Si queremos gente competente en la alta Administración hay que buscarla en el mercado y pagarle en consecuencia

LA crisis y la quiebra de las clases medias han traído a la sociedad española un cierto miserabilismo mental en su relación con el dinero, sobre todo con el de los demás. Pariente del viejo pecado nacional de la envidia, que parecía arrumbado cuando nos creíamos nuevos ricos, este sentimiento oscuro cristaliza en un efecto constante de agravio comparativo y en la necesidad de comparar el sueldo propio con el ajeno. Con su proyecto de salario máximo, Podemos ha activado hasta el fondo ese resorte resentido por el que un empleado se consuela de ganar poco si a su jefe le bajan la nómina. El recelo se vuelve pasión morbosa cuando se trata del ámbito público, donde la fobia antipolítica ha generalizado la desconfianza hasta el paroxismo. Con el escrutinio que permiten –ya era hora– las nuevas leyes de transparencia, el español cabreado y empobrecido puede dar rienda suelta a su reconcomio contra esa maldita casta que se lo lleva crudo.

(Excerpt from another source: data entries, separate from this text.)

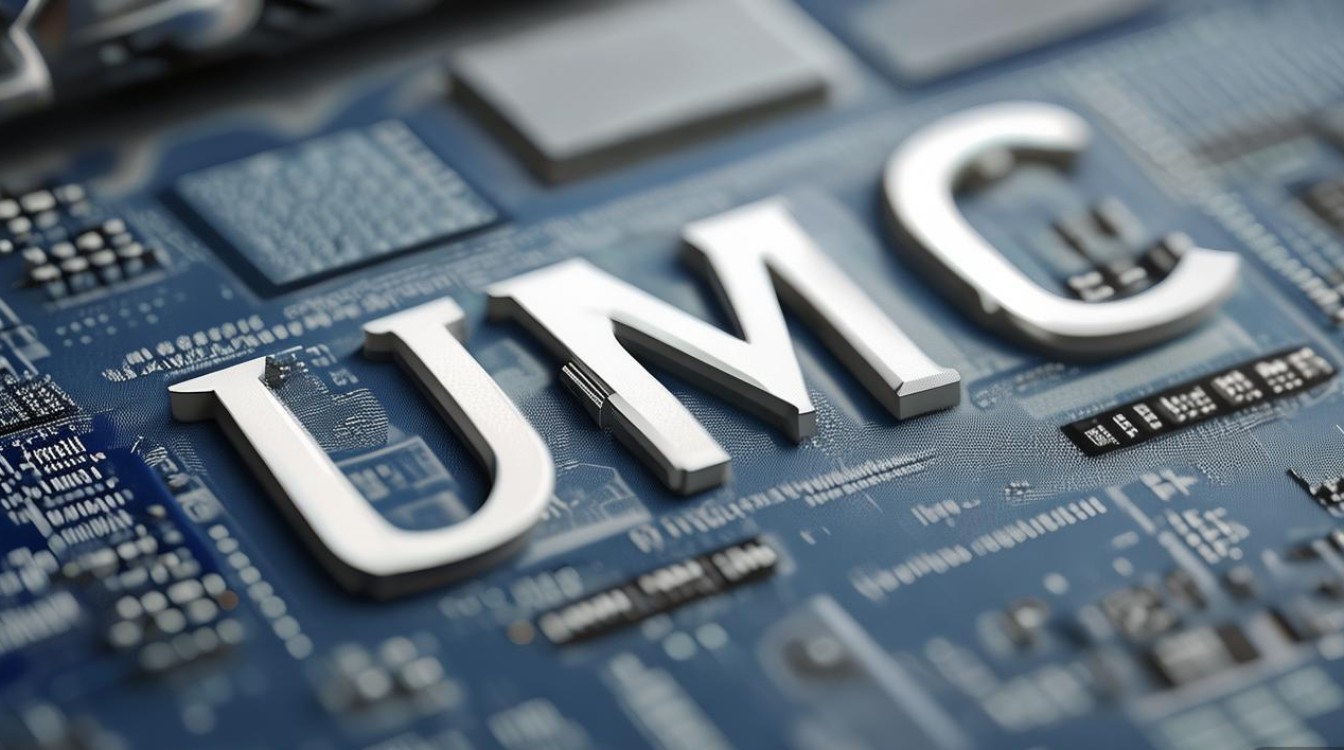UMC究竟是什么? UMC究竟是什么?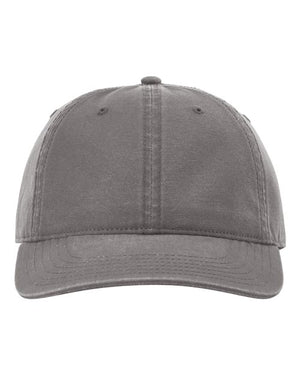Richardson 324RE Dark Grey front
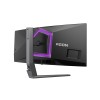 AOC AGON PRO AG346UCD computer monitor 86.4 cm (34\") 3440 x 1440 pixels Wide Quad HD QD-OLED Black, Grey AOC AGON PRO AG346UCD computer monitor 86.4 cm (34\") 3440 x 1440 pixels Wide Quad HD QD-OLED Black, Grey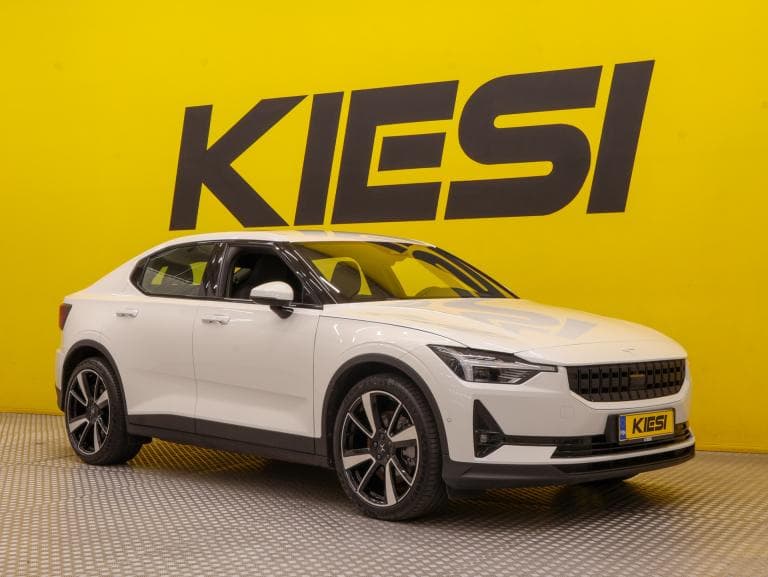 Polestar 2 2022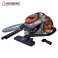 Herzberg HG 8046COP: Multi Cyclone Bagless Vacuum Cleaner image 2
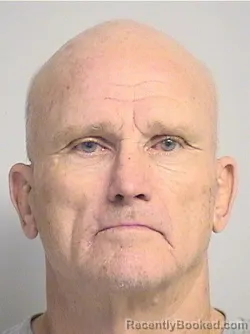 Mugshot of Klipstine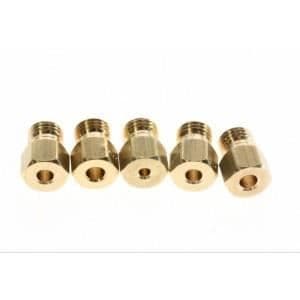 Gas Injector Butane Propane - Faure - 5144218 - Original Part - Stove - Compatible Models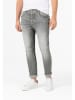 Timezone Jeans "DwyaneTZ" - Slim fit - in Grau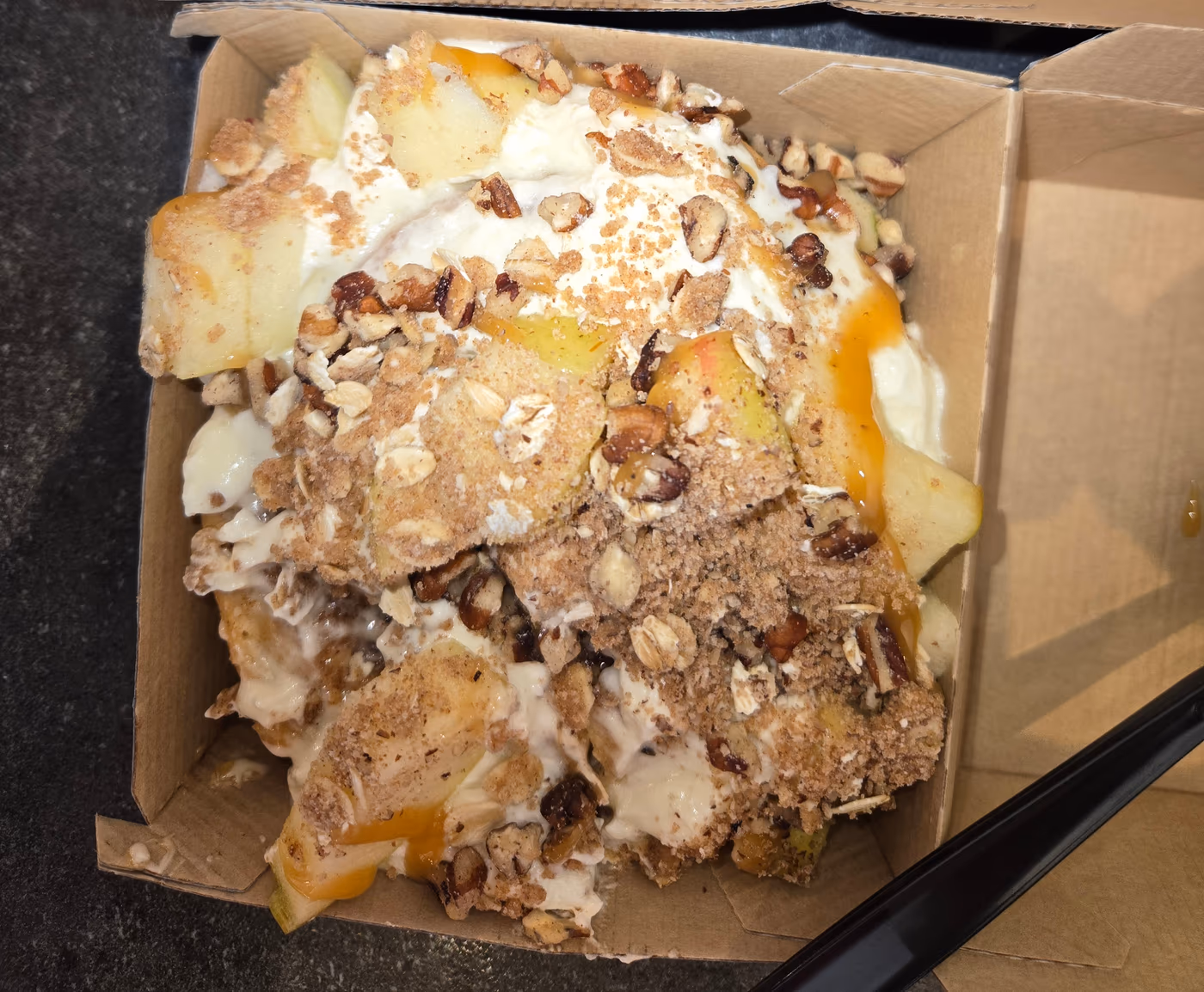 Cinnaholic photo 3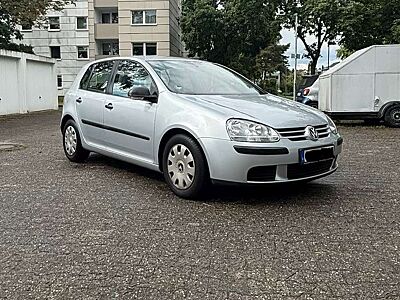 Volkswagen Golf Trendline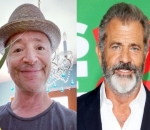 'Scandal' Alum Joshua Malina Rips 'Jew-Hater' Mel Gibson, Asks to Cancel the 'Lethal Weapon' Actor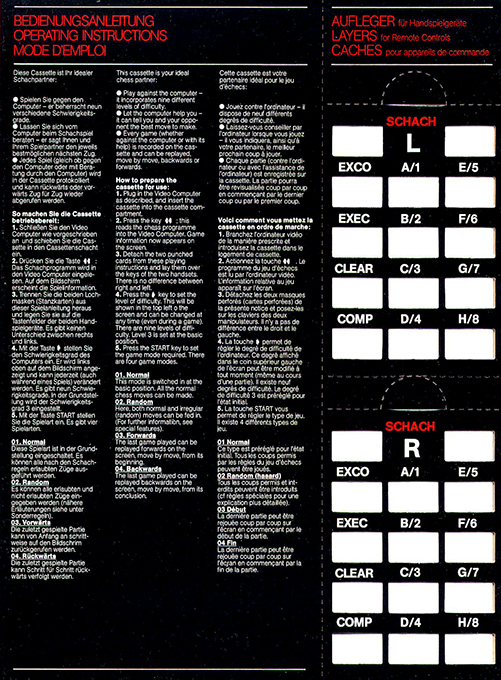 Chess 2 — box-2D-back (EU)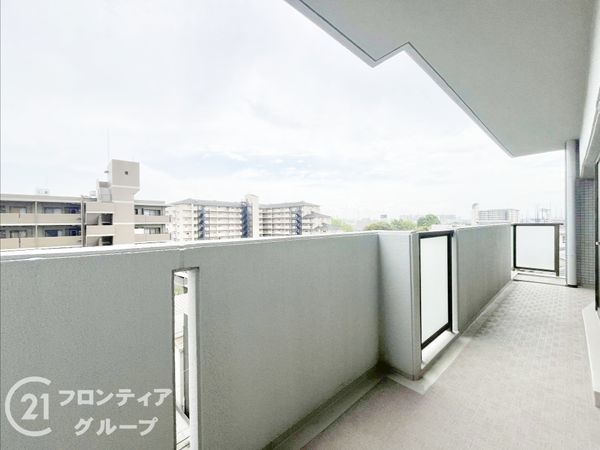 グリーンプラザ尼崎　中古マンション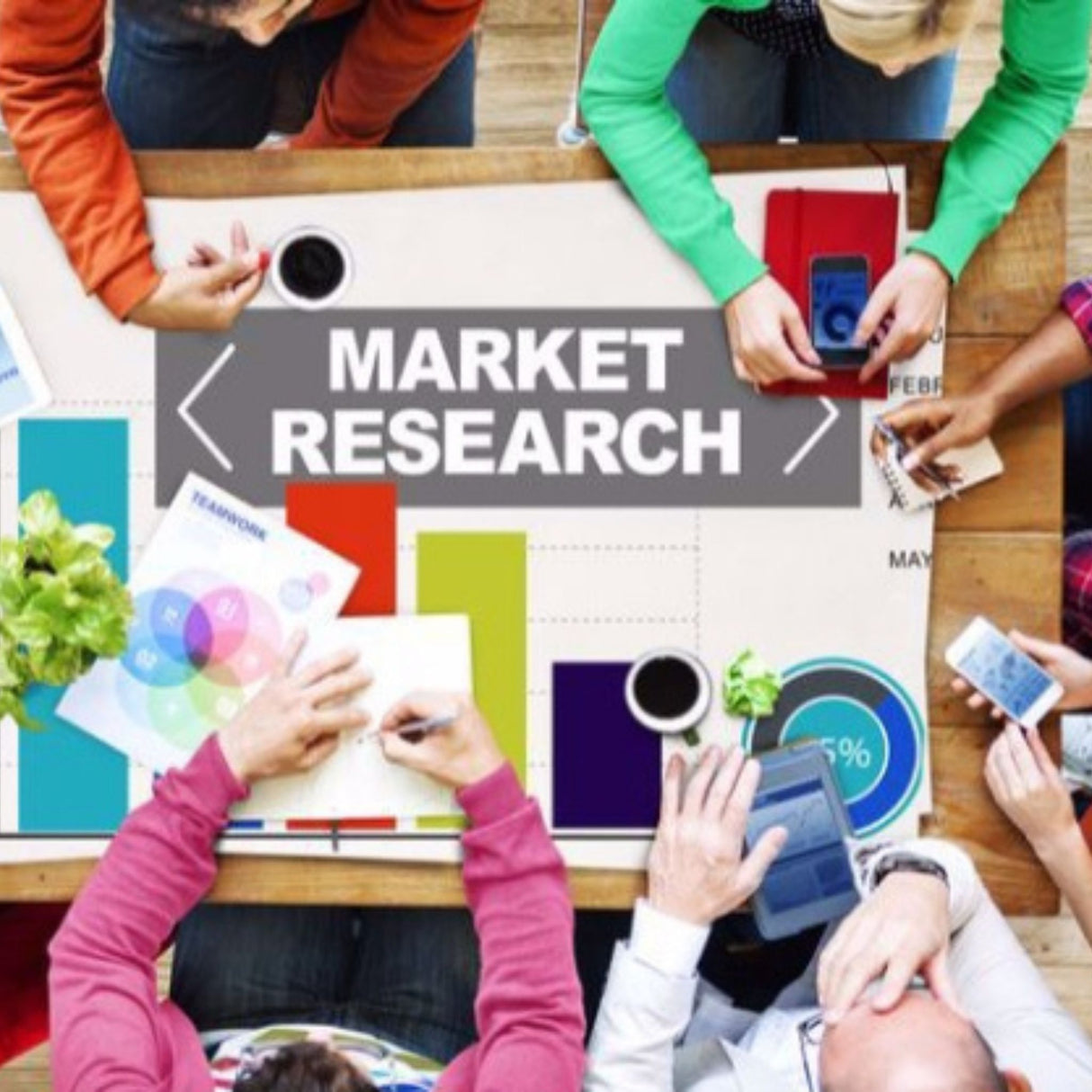 market research meeting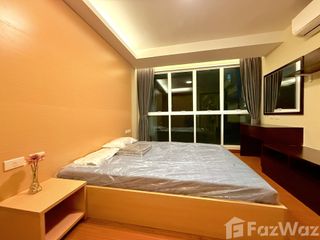 À vendre 1 chambre condo à Wang Thonglang, Bangkok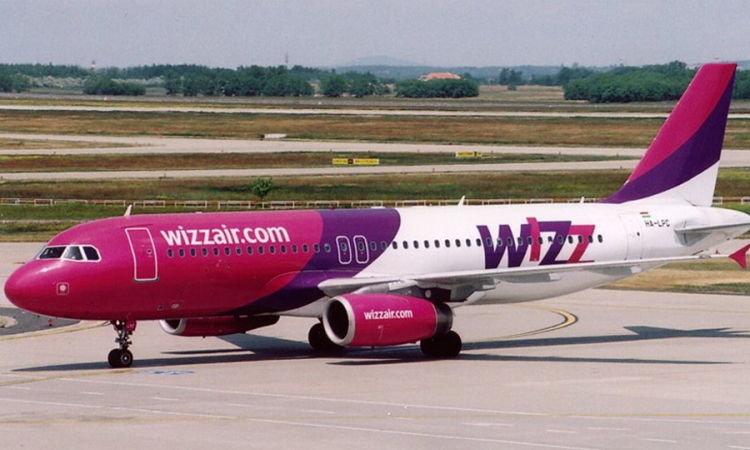 Wizz Air besplatno prevozi humanitarce do Srbije i BiH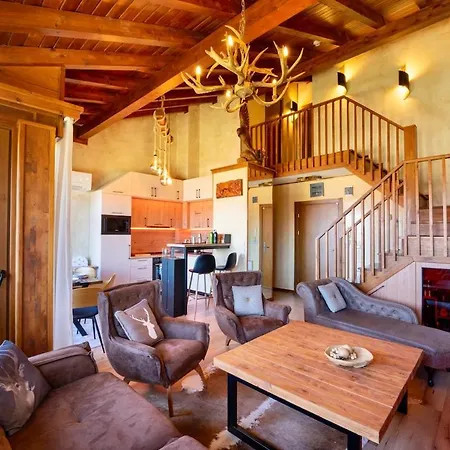 Host2u Penthouse 2-bedrooms The View - Free Parking 반스코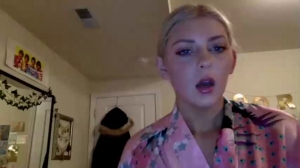 evey_baby  05-05-2019 Recorded Show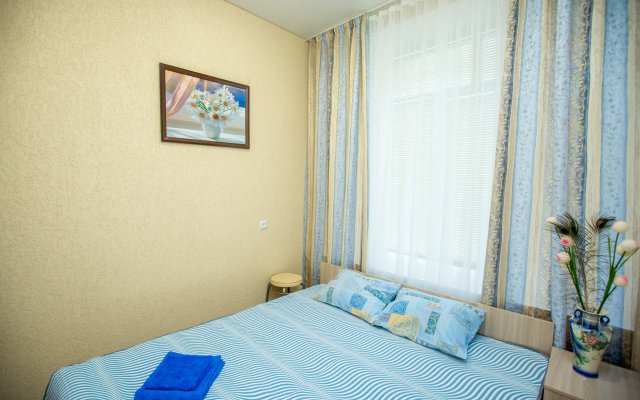 Baliz Hostel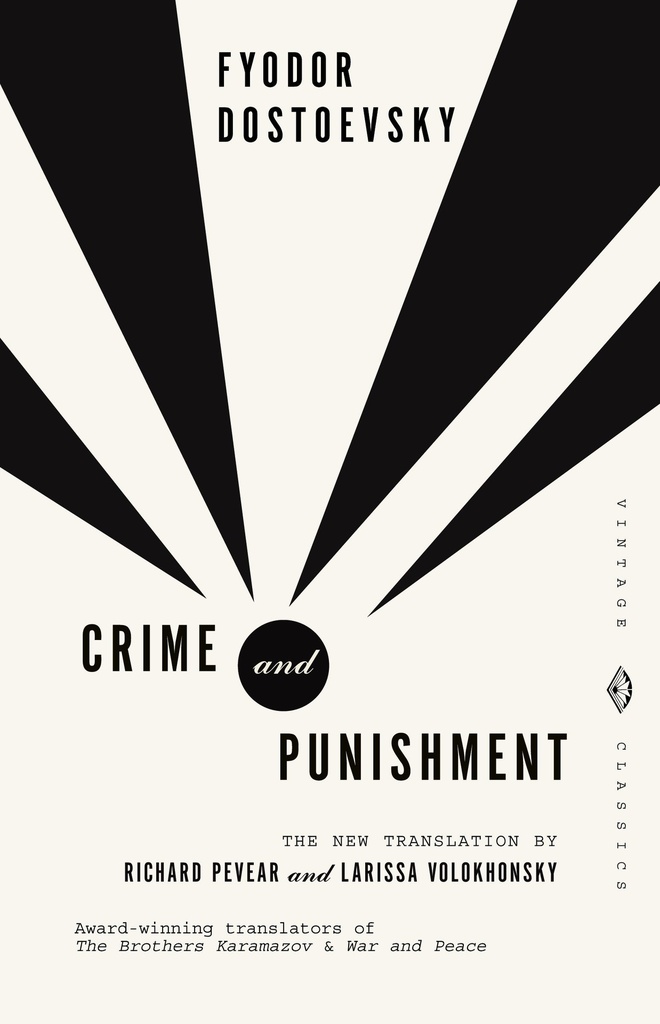 Crime and Punishment 2
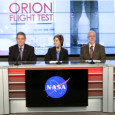 <!-- AddThis Sharing Buttons above -->
                <div class="addthis_toolbox addthis_default_style " addthis:url='https://newstaar.com/watch-nasa-tv-online-orion-rocket-launch-first-flight-and-pre-flight-activities/3511427/'   >
                    <a class="addthis_button_facebook_like" fb:like:layout="button_count"></a>
                    <a class="addthis_button_tweet"></a>
                    <a class="addthis_button_pinterest_pinit"></a>
                    <a class="addthis_counter addthis_pill_style"></a>
                </div>In just over a week, NASA takes another step closer to eventual manned missions to Mars with the first flight test of the Orion spacecraft. On Thursday, Dec. 4, viewers around the globe can watch online NASA TV coverage of the Orion rocket launch from […]<!-- AddThis Sharing Buttons below -->
                <div class="addthis_toolbox addthis_default_style addthis_32x32_style" addthis:url='https://newstaar.com/watch-nasa-tv-online-orion-rocket-launch-first-flight-and-pre-flight-activities/3511427/'  >
                    <a class="addthis_button_preferred_1"></a>
                    <a class="addthis_button_preferred_2"></a>
                    <a class="addthis_button_preferred_3"></a>
                    <a class="addthis_button_preferred_4"></a>
                    <a class="addthis_button_compact"></a>
                    <a class="addthis_counter addthis_bubble_style"></a>
                </div>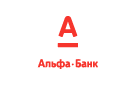 Банк Альфа-Банк в Видяево
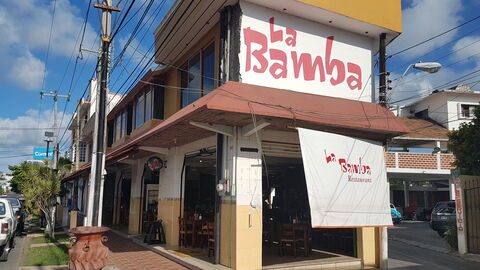 La Bamba image 1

Sin embargo en la política no hay modo honrado de enriquecerse. Al trabajador despedido o al funcionario de pagas recortadas le pueden parecer un exceso altisonante los sueldos de la alta Administración o las Cortes –«chollos», «bicocas» y demás semántica de la mezquindad– pero son más bajos que la media en directivos de grandes empresas. El dirigente político debe cobrar según su responsabilidad y en ese sentido es casi una ignominia lo que gana en España un presidente del Gobierno; más aún si se mide en relación con sus propios colaboradores. Al resto de la nomenclatura no hay que compararlo con lo que gana un currito sino con lo que podría percibir en el sector privado. Y ahí sí hay tela para cortar trajes porque la mayoría de nuestros cuadros de cargos públicos no pasarían una entrevista en un headhunter de élite. Ése es el verdadero problema junto con la proliferación injustificada de personal de fontanería palaciega, una pléyade de pretorianos y asesores incrustados en el presupuesto para aconsejar a sus jefes cómo deben equivocarse.

El portal «transparente» del Gobierno deja ver un organigrama poco funcional, sobrecargado de subalternos y con demasiadas cesantías y subvenciones. Una visión incompleta sin el correlato de las autonomías, diputaciones y ayuntamientos, que es donde funciona a todo trapo la gran máquina de colocar que es el poder. Pero aunque el grueso de la opinión pública cargue las tintas con el presunto desparrame salarial, que no es suntuoso sin ser austero, lo que hay que preguntarse es quién queremos que vaya a la política a dirigir nuestros destinos. Si deseamos gente competente y capaz hay que buscarla en el mercado y pagarle en consecuencia. Da la impresión de que la sociedad prefiere una dirigencia de mediocres, en coherencia con el clásico imaginario funcionarial español. Seamos cicateros, pues: quizá un país con mentalidad de pobre merezca una política de muertos de hambre.